Which, unlike random move transcripts, is what you would predict, since the Superalignment paper says the GPT chess PGN dataset was filtered for Elo, in standard behavior-cloning fashion.

Chess-specific training sets won't contain a lot of random play.

I am more interested in any direct evidence that makes you suspect LLMs are good at chess when prompted appropriately?

Replies from: gwern
comment by gwern · 2025-01-21T00:16:10.928Z · LW(p) · GW(p)

A human player beating a random player isn't two random players.

I am more interested in any direct evidence that makes you suspect LLMs are good at chess when prompted appropriately?

Well, there's the DM bullet-chess GPT as a drastic proof of concept. If you believe that LLMs cannot learn to play chess, you have to explain how things like that work.

Replies from: Amyr
comment by Cole Wyeth (Amyr) · 2025-01-21T01:04:39.013Z · LW(p) · GW(p)

A random player against a good player is exactly what we’re looking for right? If all transcripts with one random player had two random players then LLMs should play randomly when their opponents play randomly, but if most transcripts with a random player have it getting stomped by a superior algorithm that’s what we’d expect from base models (and we should be able to elicit it more reliably with careful prompting). 
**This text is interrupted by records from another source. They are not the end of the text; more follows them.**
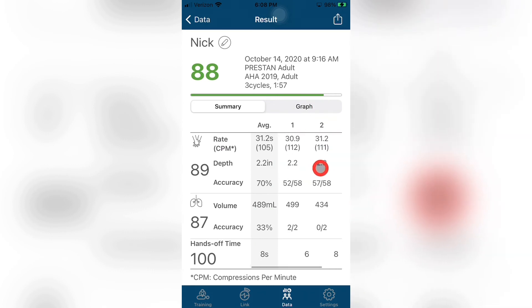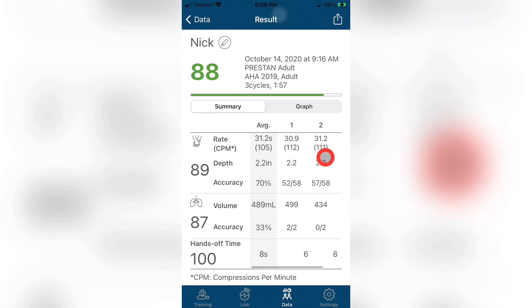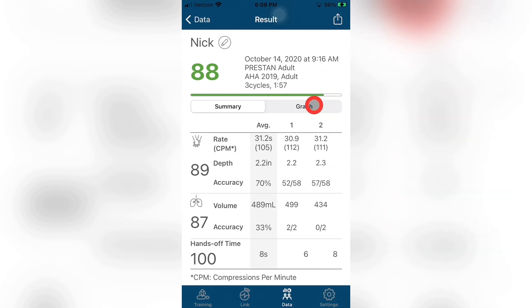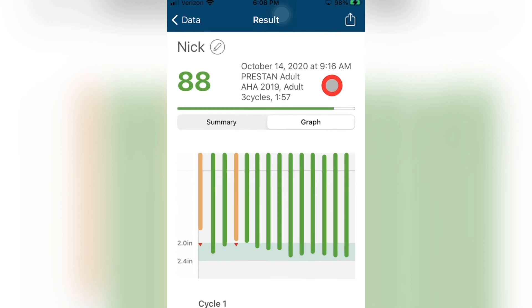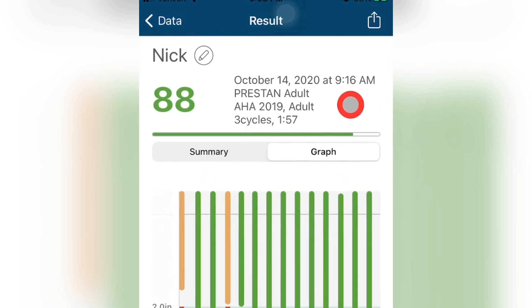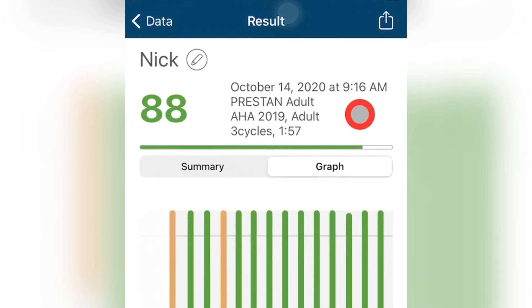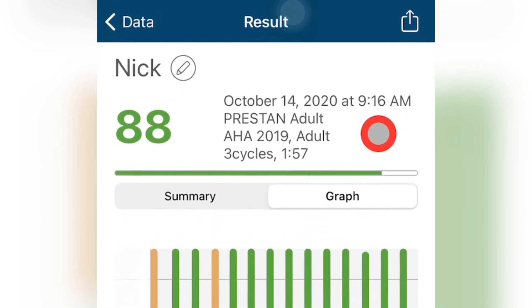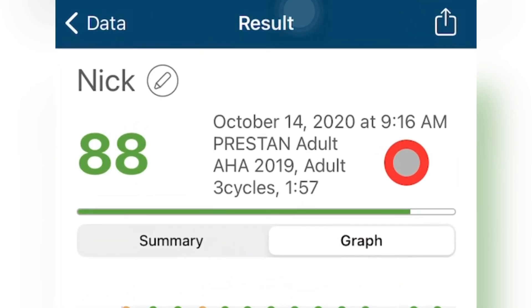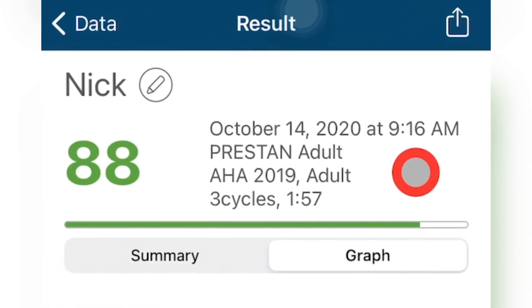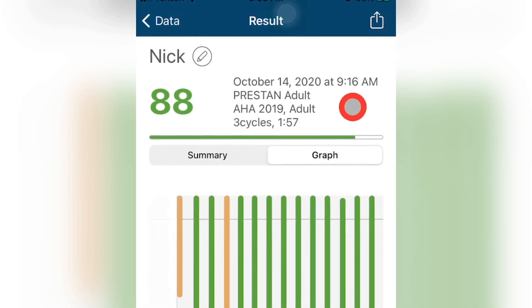Moving to the Graph button. Once the graph button is pressed, the screen will change to show the detailed data that was recorded for the training session. At the top of the graph screen is the summary of the training session. This includes overall session score, date and time, training device used, number of cycles, and lastly, duration of the recorded training session.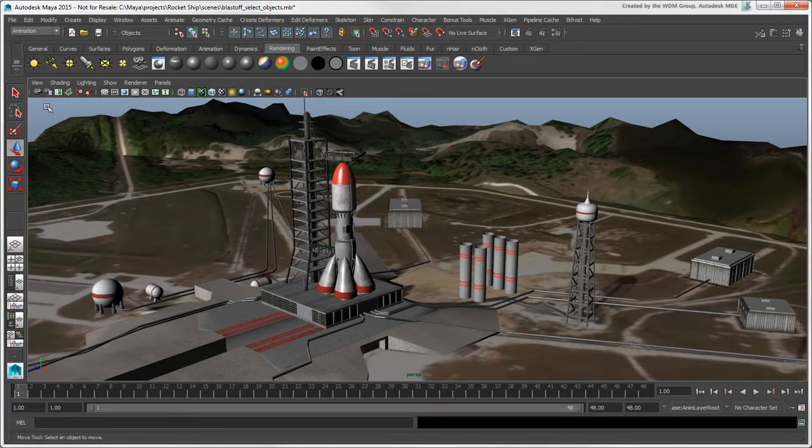In this video, we'll cover the different ways of selecting objects in Maya. We'll talk about selecting components in the next video.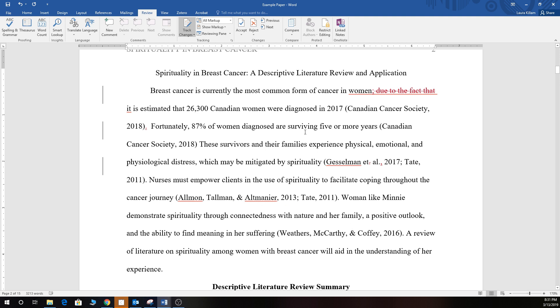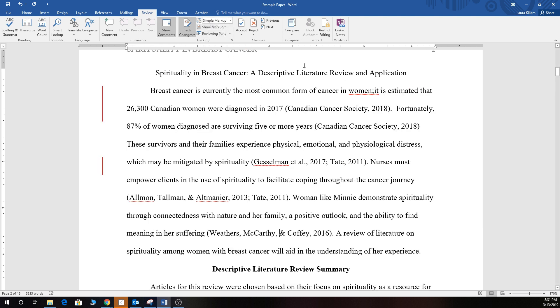Anyways, you can easily see how Word indicates the changes. Now if I go to simple markup it shows I'm actually missing a space there, so I'll go ahead and add that and that's pretty good.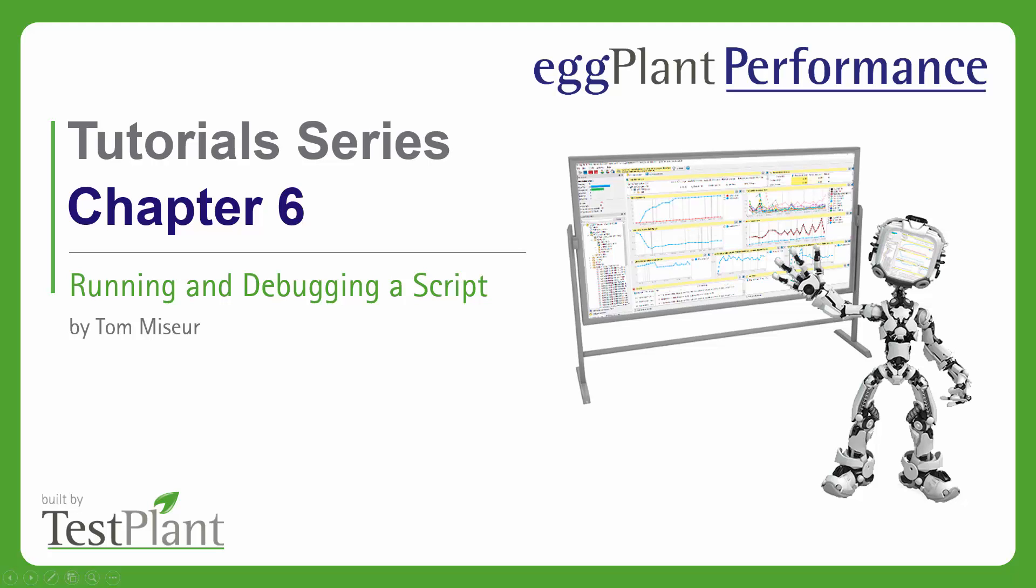Hello and welcome to Chapter 6 of the Eggplant Performance tutorial series. This chapter is going to talk about running and debugging a script. I had originally anticipated that this would be about parameterization and a first look at generation rules, but I think before we do that, it makes sense to set ourselves up to actually run the script so that we can see what kind of output we get back from it.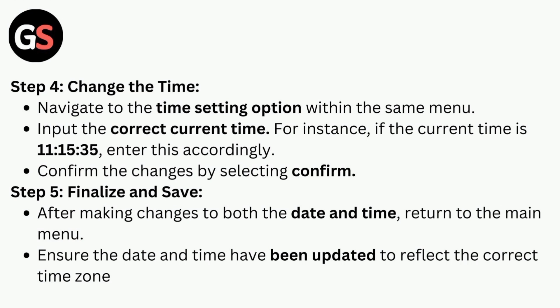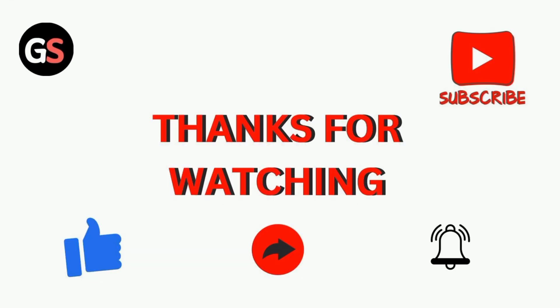Step 5: Finalize and Save. After making changes to both the date and time, return to the main menu. Ensure the date and time have been updated to reflect the correct time zone. Thanks for watching our video.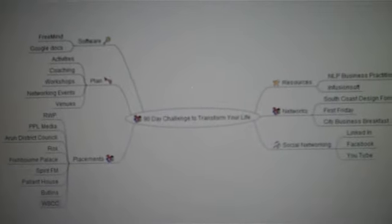Here's a mind map that we've made using FreeMind software, which is free software that you can download from the internet. We'll put the URL on the Facebook page if you want to download this. You can see in the central node we've got the 90 day challenge to transform your life, and off that we've got several other nodes, or children as they're called in the software.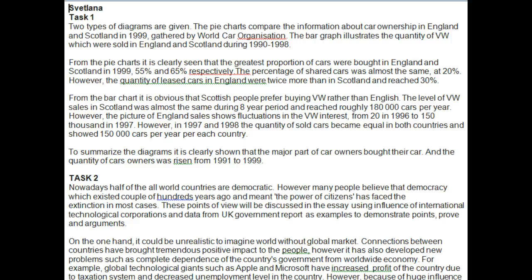Hi Svetlana, this is Bev, ex-ILT examiner. I'll give you some feedback today on your two tasks. So task one is about the VW car ownership.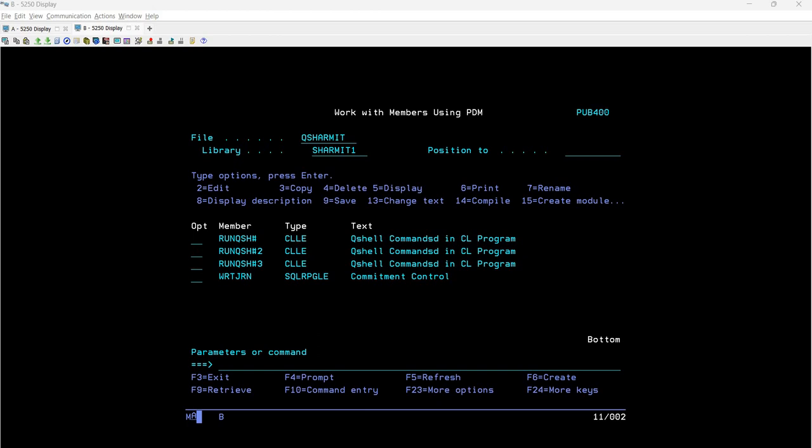Hello everyone, welcome to TechSermit. In this session we will discuss another example for the grep command, where we will see how we can search for a particular keyword by ignoring case sensitivity. This is what we are going to discuss in this session.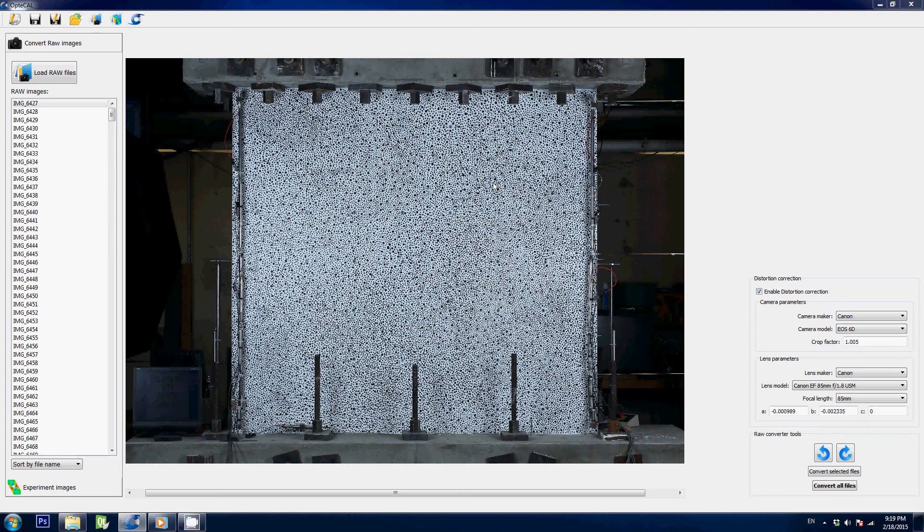Hi and welcome to this Optical presentation. In this video, I will show you all the main features of the software. Optical is a digital image correlation software meant to work with any major brand camera. It will work with a Canon, a Nikon, a Leica, Sony, or Fuji, just to name a few.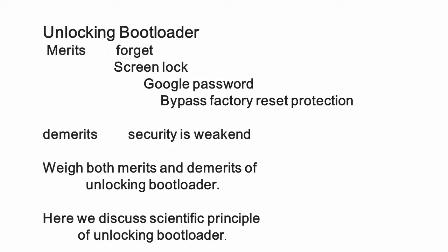Here we discuss the scientific principles of unlocking the bootloader and its effect on factory reset protection. You have to weigh the merits and demerits of unlocking the bootloader and make a proper decision. Fire is extremely useful for human evolution, but on the other hand, fire can be fatal if not properly used. Firmware in download mode and recovery mode are extremely useful but can be fatal. It can brick your phones.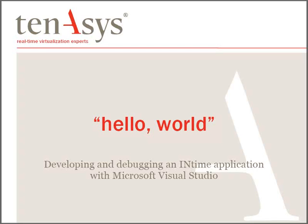Hi, today we're going to illustrate the integration of INtime with Microsoft Visual Studio. We're going to do that using a simple Hello World application.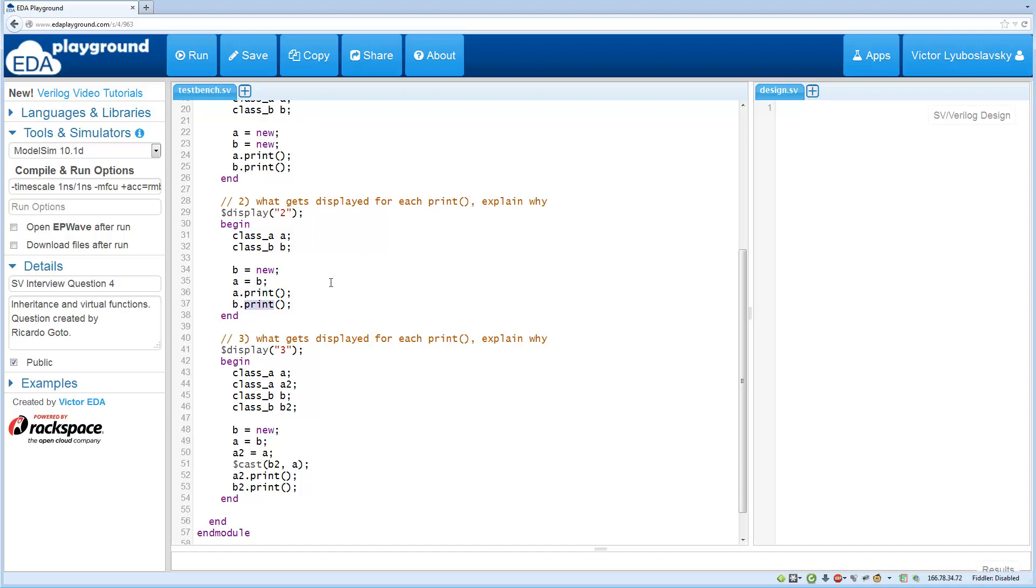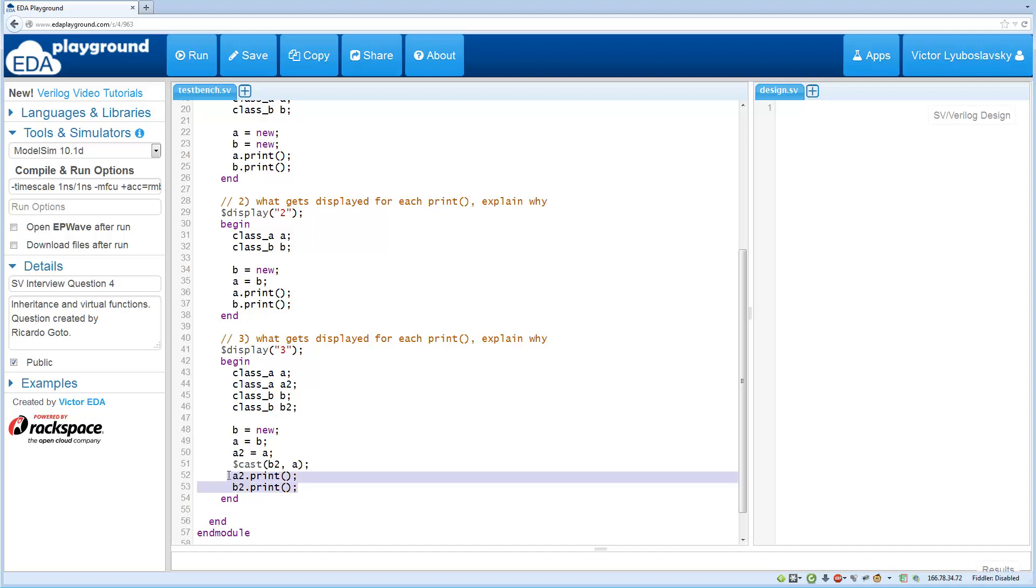And the third part is a little bit more complicated. We create two class A instances and then two class B instances. We call the constructor on B, then we assign B to A, we also assign A to A2, and then we cast A to B2. And what's going to get printed when we call print on A2 and B2.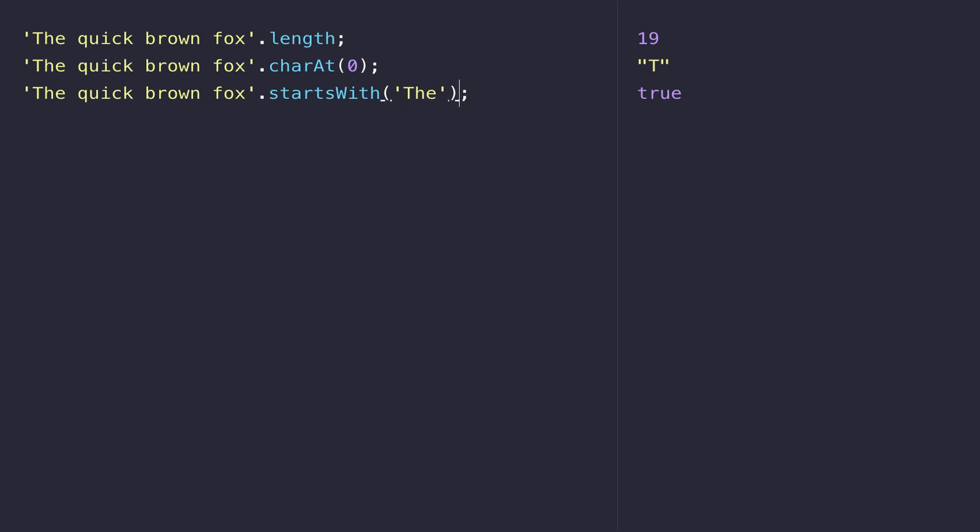If I was to change this to something else I'd get a false value back. It is also case sensitive, so for example 'the' with a lowercase 't' is not equivalent to uppercase 'The'.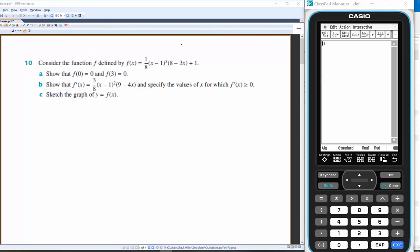Let's just work through some Methods problems. We've got a function here — it's going to be a quartic function because they've got an x to the power of 3 and an x being multiplied together.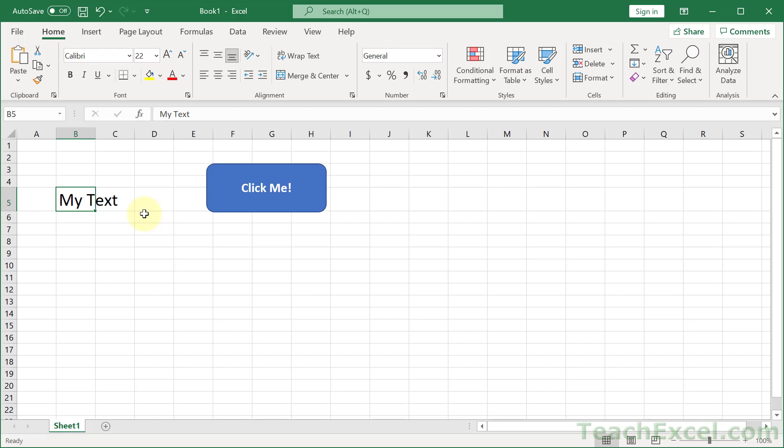Hi guys and welcome to this Excel Quickie. Here I'm going to show you how to very easily match your colors in Excel with any color outside of Excel. The way to do this is to get the RGB value for whatever color you're trying to match. And then when you get that, go into Excel and wherever you are going to apply colors, I'll show you a few different places.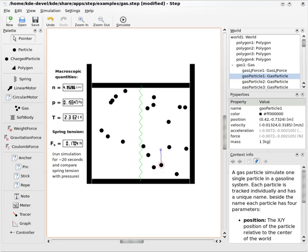All the bodies and forces can also be modified in real time. The software allows users to add graphs and meters and configure them to any property of any body. This allows, for example, graphing speed or acceleration against time.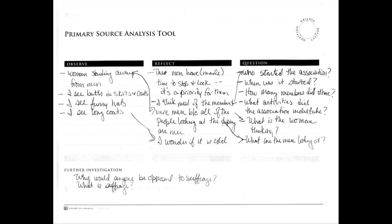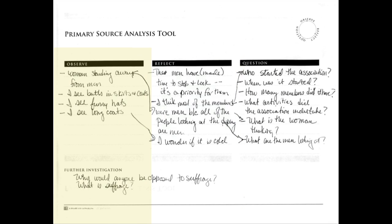Inquiry is a non-linear process. You can move back and forth between the different steps as you work. Do your questions spark any new reflections? Do you observe anything now that you didn't before? Do your reflections make you want to look for more details?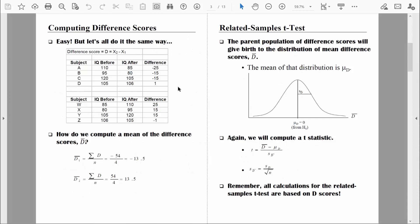That's how we compute difference scores and mean difference scores. Now consider: what do you think the mean difference score will be based on the null hypothesis? Null hypotheses always state no differences, no change — in this case, no change from time one to time two. If there is no change, the population mean difference score should be zero. We look at the sample mean difference score and see where it falls in a distribution of all possible sample mean difference scores — a distribution of sample mean difference scores.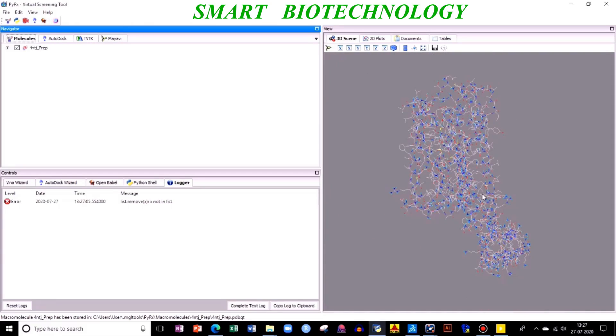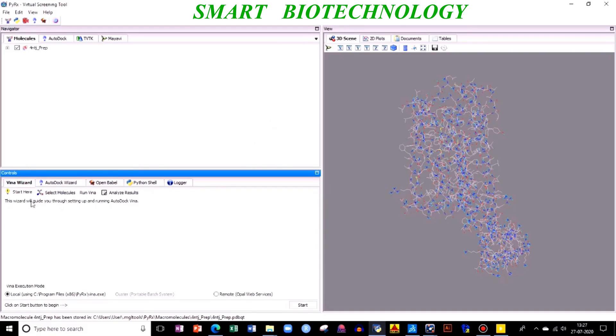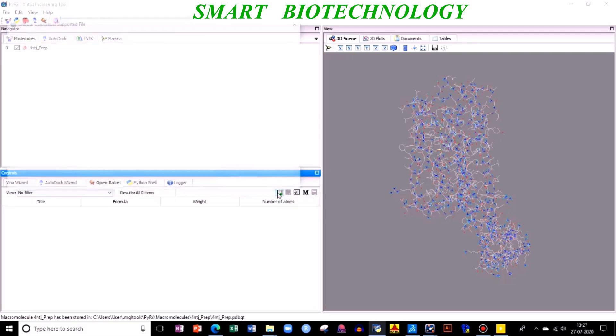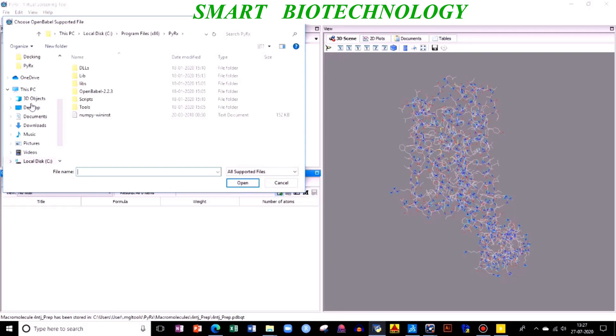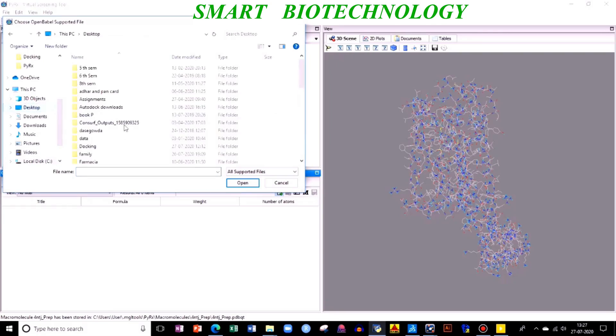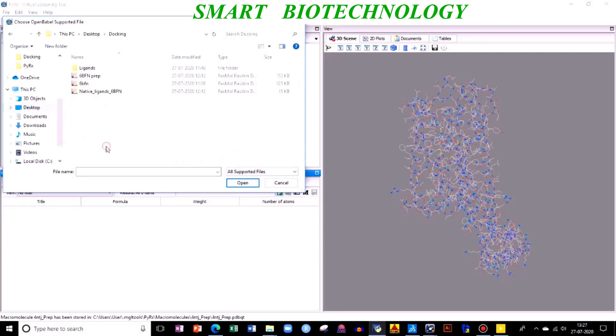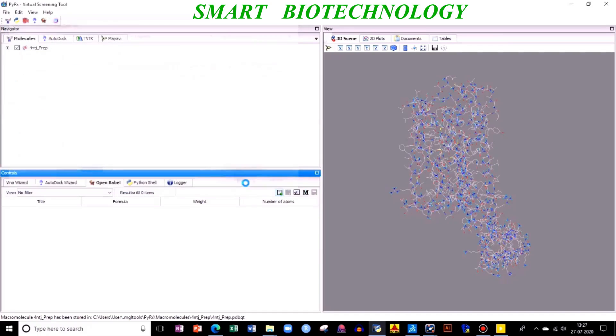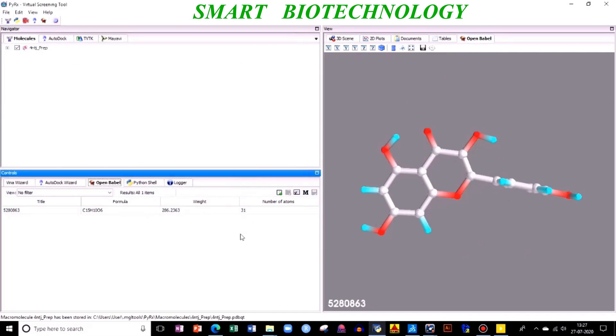Next, click on your Vina Wizard. Then you need to go to Open Babel directly. Click on Open Babel - this is an inbuilt software in your PyRx. Here, insert new item, desktop docking.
I see no reason that transformers can’t learn to play chess (or any other reasonable game) if they’re carefully trained on board state evaluations etc. This is essentially policy distillation (from a glance at the abstract). What I’m interested in is whether LLMs have absorbed enough general reasoning ability that they can learn to play chess the hard way, like humans do - by understanding the rules and thinking it through zero-shot. Or at least transfer some of that generality to performing better at chess than would be expected (since they in fact have the advantage of absorbing many games during training and don’t have to learn entirely in context). I’m trying to get at that question by investigating how LLMs do at chess - the performance of custom trained transformers isn’t exactly a crux, though it is somewhat interesting. 

comment by Cole Wyeth (Amyr) · 2025-01-16T19:01:54.812Z · LW(p) · GW(p)

This is a pretty strong update against LLMs for me. I would have expected them to perform okay against a random model given free access to the board state and list of legal moves. I suspect I could probably win  blind (and I am a serious player, certainly others can win multiple blind games at once) so this is not entirely a perception issue. On the other hand, o1 is certainly getting some traction, which often precedes steady improvement (based on the last couple of years). But... like, it's basically doing a super overpriced tree search. I'm guessing a tree search to depth 3 with a naive heuristic is already enough to beat a random player, so I'm not convinced that the LLM is lifting any weight here.